I watched Zhao’s second film during lockdown on a small screen. At which point she might have been the most feted up-and-coming director on the planet, fresh from Oscar success and the Marvel call-up. Which, watching The Rider again, seems such a confusing career step, for someone whose art appears to be baked into the nuanced, anti-climactic possibilities of cinema. The Rider is a film where almost everything has already happened. Brady, the protagonist, has fallen off his horse and damaged his skull. Lane, his friend, has fallen off his horse and become irreversibly damaged. This is a film about coming to terms with trauma, not seeking it. As such it is obviously a wonderful corrective to the idea of the western as a proving ground for a man’s machismo. These men have proved and lost and now they have to face up to living in a world where all their aspirational values are worthless, or even suicidal.

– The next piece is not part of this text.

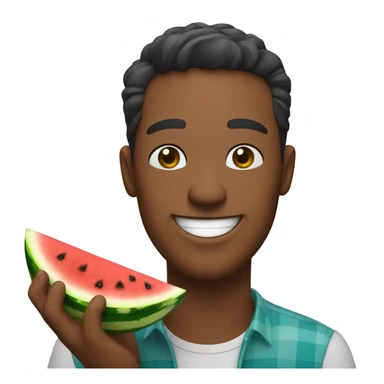 A man happily eating a watermelon  sticker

Zhao’s slow burning take on Brady’s crisis is filmed with such assurance that it makes up for the lack of action. There is an ingrained tension in the idea that he will seek to get back on the horse, but even this tension is underplayed to an extent, the filmmaker emphasising the aesthetic as much as the the dramatic elements. This is the golden hour sunset of the western and all the baggy messed-up dreams it carries with it.